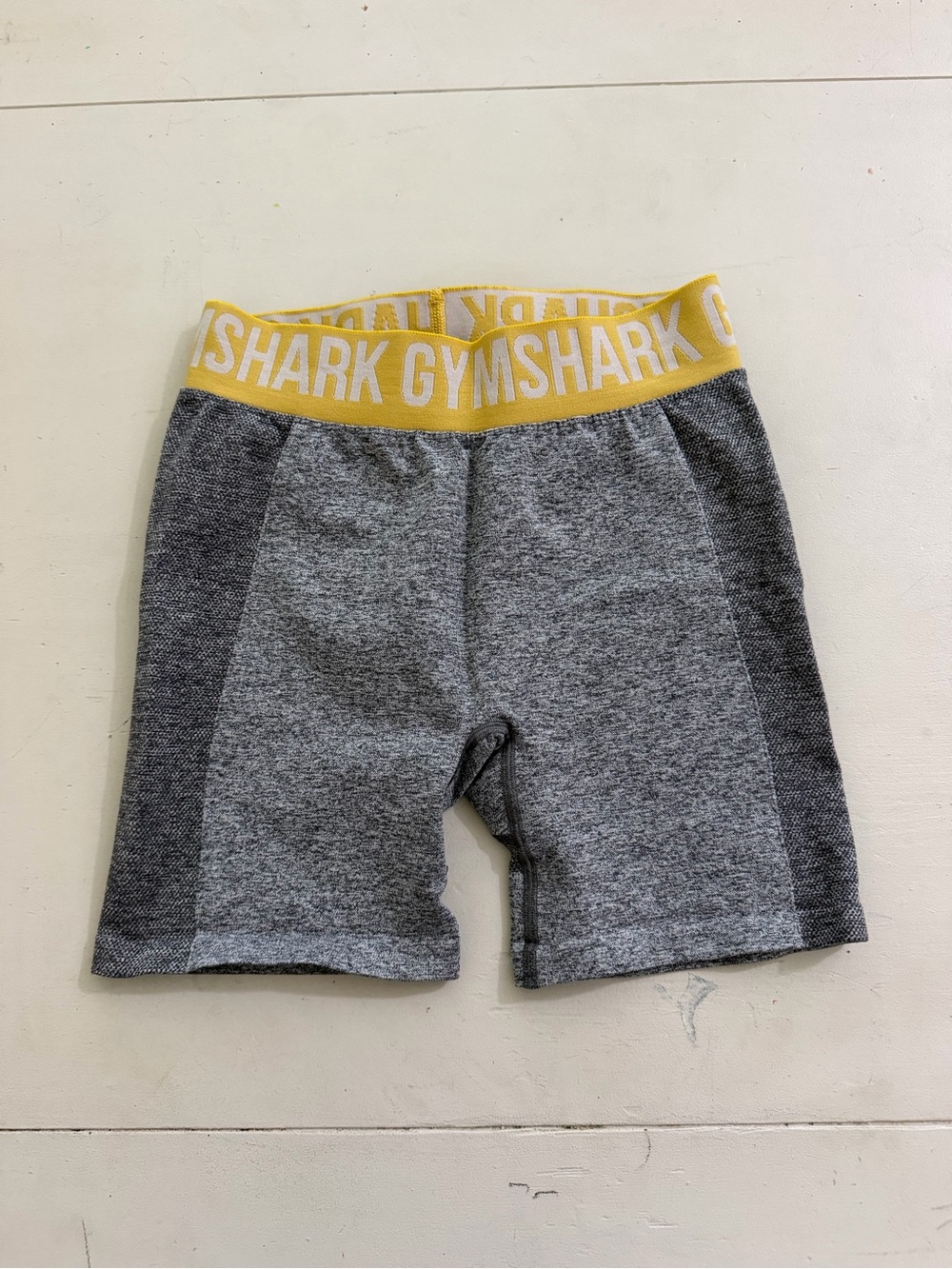 Gym shark shorts size M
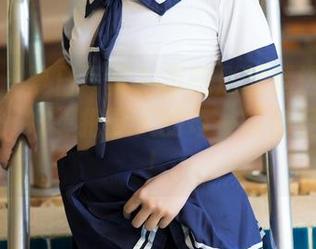 推女神 – 夏日写真？谭晓彤的精选让人只想大喊：好想把夏天的每一帧都轻轻抗走！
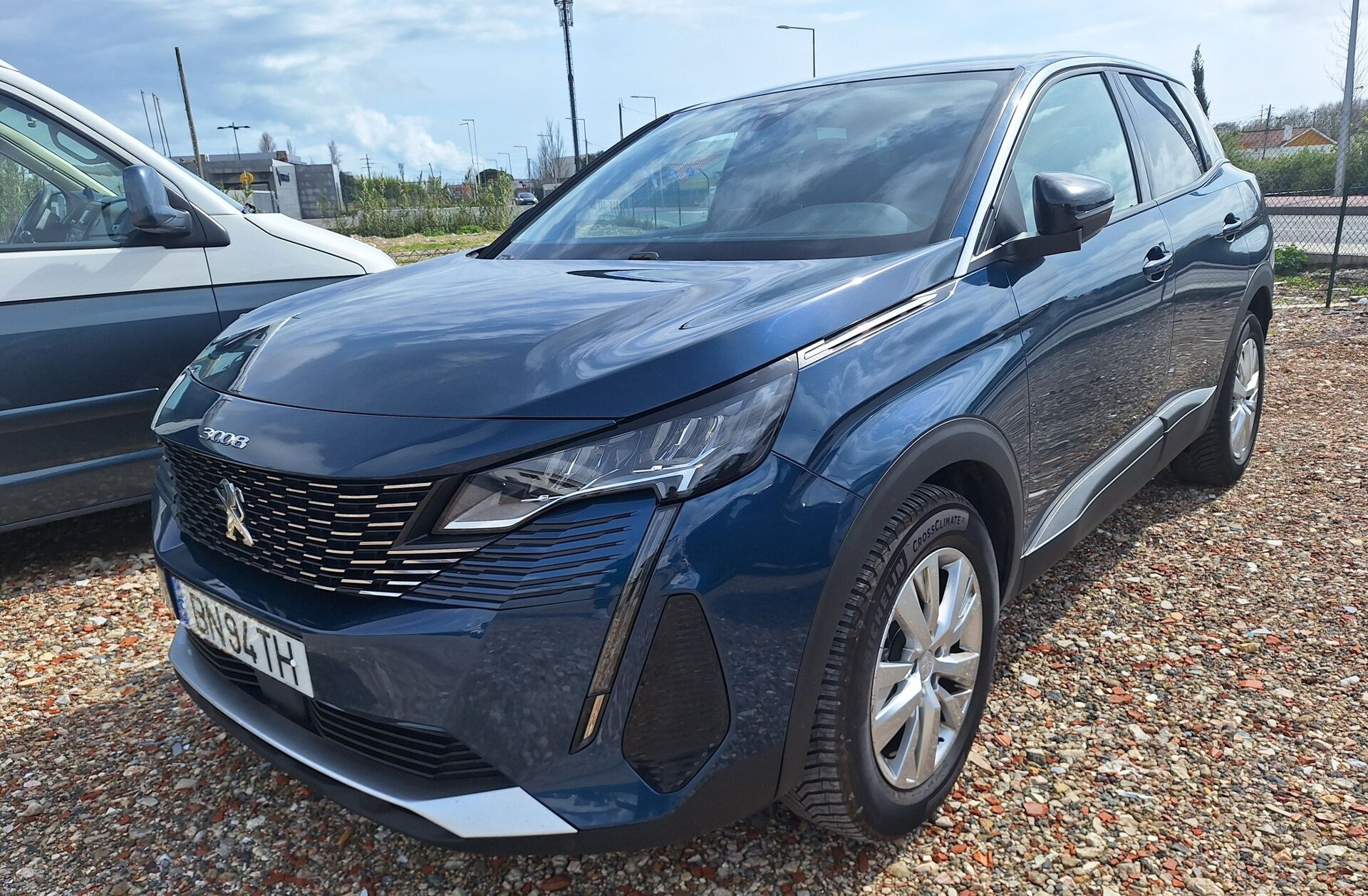 PEUGEOT 3008 1.5 BlueHDi Allure Pack EAT8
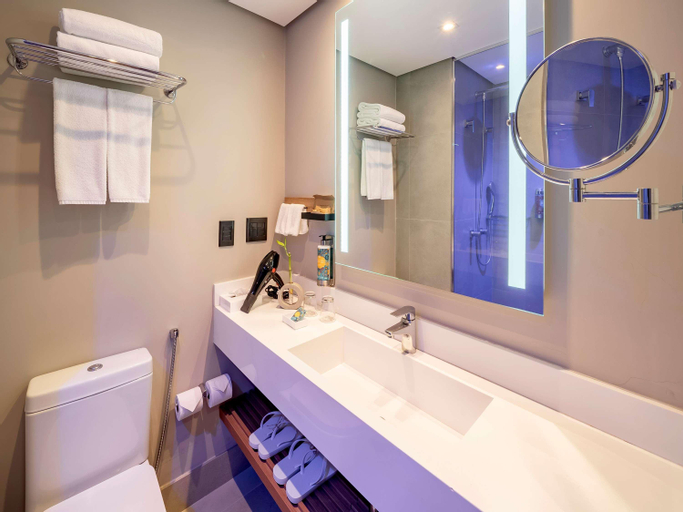 Bathroom 8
*****
§ **Work instruction**: Each line above should be returned exactly as it stands, minus any pictures.

§ **Expected answer**:
 Gym shark shorts size M
 推女神 – 夏日写真？谭晓彤的精选让人只想大喊：好想把夏天的每一帧都轻轻抗走！
 PEUGEOT 3008 1.5 BlueHDi Allure Pack EAT8
 Bathroom 8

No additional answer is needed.